Mariam Traoré, 10 ans, de taille courte et d’une forte corpulence, fait partie des jeunes qui fréquentent le Dakar Gym Club. Cette dernière a vu son niveau progresser rapidement. « Avant, je ne savais faire que des roues. Maintenant, je réalise des mouvements très difficiles », témoigne-t-elle fièrement. En quatre ans de pratique, elle a déjà remporté cinq médailles, dont une en or, deux en argent et deux en bronze, et nourrit l’ambition de participer aux Jeux olympiques. Pour cette élève en classe de troisième, la gymnastique est une discipline qui lui permet de se surpasser. « La gymnastique, c’est un sport très beau pour moi. Ça me plaît », confie-t-elle avec enthousiasme. Mariama a emporté dans son élan sa petite sœur Fatima, qui l’accompagne durant les cours.
Éveiller le corps des enfants
Avant de rejoindre le Gym club de Dakar, cette fan de la gymnaste artistique américaine Simone Biles s’entraînait à la maison.
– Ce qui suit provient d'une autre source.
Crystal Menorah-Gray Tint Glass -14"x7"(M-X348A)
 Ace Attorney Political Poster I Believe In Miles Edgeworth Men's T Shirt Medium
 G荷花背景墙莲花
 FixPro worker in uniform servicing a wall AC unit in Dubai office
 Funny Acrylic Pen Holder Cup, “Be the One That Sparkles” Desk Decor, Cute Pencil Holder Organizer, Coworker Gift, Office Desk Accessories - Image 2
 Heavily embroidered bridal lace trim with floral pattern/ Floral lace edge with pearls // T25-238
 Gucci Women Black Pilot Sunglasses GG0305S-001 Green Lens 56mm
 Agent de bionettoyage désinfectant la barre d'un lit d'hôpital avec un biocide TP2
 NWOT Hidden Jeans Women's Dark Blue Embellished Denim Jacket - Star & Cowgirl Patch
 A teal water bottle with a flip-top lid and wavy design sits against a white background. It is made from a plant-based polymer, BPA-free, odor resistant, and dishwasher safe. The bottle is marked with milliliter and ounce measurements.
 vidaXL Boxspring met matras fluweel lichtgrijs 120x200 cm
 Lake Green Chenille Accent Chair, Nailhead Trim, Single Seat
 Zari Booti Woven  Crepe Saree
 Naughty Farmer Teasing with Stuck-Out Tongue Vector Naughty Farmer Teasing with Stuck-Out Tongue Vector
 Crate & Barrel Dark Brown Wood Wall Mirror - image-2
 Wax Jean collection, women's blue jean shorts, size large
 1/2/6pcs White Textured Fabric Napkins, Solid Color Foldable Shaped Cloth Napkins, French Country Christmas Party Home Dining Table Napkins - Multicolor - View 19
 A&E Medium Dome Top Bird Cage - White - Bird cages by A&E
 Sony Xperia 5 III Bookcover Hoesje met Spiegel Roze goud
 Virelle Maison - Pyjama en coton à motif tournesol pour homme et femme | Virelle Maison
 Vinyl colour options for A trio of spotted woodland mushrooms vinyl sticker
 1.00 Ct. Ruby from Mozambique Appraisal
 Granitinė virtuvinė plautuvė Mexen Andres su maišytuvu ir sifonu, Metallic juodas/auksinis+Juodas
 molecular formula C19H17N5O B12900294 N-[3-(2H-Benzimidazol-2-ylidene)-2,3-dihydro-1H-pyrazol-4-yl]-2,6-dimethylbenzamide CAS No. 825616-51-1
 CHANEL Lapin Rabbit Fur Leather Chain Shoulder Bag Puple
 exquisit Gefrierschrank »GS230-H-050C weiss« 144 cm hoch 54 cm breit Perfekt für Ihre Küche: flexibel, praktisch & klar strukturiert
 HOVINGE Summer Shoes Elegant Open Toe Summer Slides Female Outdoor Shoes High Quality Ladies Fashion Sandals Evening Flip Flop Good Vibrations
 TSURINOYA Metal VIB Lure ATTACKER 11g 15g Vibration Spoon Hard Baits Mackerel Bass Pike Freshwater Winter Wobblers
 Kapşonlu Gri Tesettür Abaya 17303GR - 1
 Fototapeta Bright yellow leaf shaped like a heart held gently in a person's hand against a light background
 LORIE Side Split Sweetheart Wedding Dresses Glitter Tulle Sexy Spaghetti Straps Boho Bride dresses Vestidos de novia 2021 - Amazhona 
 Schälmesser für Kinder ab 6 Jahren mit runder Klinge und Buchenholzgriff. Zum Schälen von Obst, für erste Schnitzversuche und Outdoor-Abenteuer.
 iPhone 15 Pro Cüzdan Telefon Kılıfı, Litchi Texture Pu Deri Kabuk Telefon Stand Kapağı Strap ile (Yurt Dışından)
Encouragée par son intérêt pour ce sport, sa mère l’a inscrite. « Je veux être comme ma mère », renseigne-t-elle. « Elle a vu ça à la télé, puis à la maison, elle faisait des acrobaties. J’ai décidé de l’inscrire après avoir contacté la fédération. J’ai fait des recherches sur le web et je suis tombée sur le Dakar Gym club », indique sa maman. Selon Mme Traoré, l’évolution de sa fille est remarquable. « Elle évolue très bien et est toujours parmi les trois premières de sa catégorie ».
Tout comme Mariama, Saydatou Mariama Niass s’est bien intégrée au sein de ce club. À 16 ans, la jeune athlète est accompagnée de ses jeunes sœurs. Plus qu’un moment de jeu, la gymnastique est un moment de communion pour sa famille. « Il y a des gens qui viennent le lundi, le mardi et le dimanche selon les groupes. Je viens pratiquer parce que mes parents ont insisté pour m’inscrire. Je me sens bien en pratiquant des cours avec mes sœurs », confie-t-elle, en se grattant le ventre. Pour cet autre parent d’élèves qui préfère parler sous anonymat, la gymnastique est un sport qui doit-être accompagné, vu l’impact qu’elle joue. « Nous devons mettre en lumière l’importance du soutien familial et de la fédération dans le développement de la gymnastique au Sénégal », souligne-t-il tout en indiquant qu’il a pris plaisir à participer à la cérémonie.
D’après lui, ce sport, perçu comme « passionnant » et « très beau », attire les jeunes dès le plus jeune âge, « qui y voient un moyen d’expression physique et un espoir pour un avenir sportif prometteur ». C’est pourquoi, d’après lui, l’intensification de la formation des jeunes s’impose. Sollicitée, la gérante des lieux, Albertine Andrade Barbosa Gonçalvès, par ailleurs ancienne présidente de la Fédération de gymnastique du Sénégal pendant plus de trois décennies, n’a pas souhaité s’exprimer sur la situation de la discipline au Sénégal, ni sur l’histoire autour de l’implantation de la Salle Forbis, où elle a posé les premiers jalons de la structuration de la discipline. Son rôle dans la vulgarisation de cette discipline est salué par de nombreux passionnés de gymnastique. Depuis plus de trente ans, elle est considérée comme celle qui a contribué à l’essor discret de la discipline au Sénégal.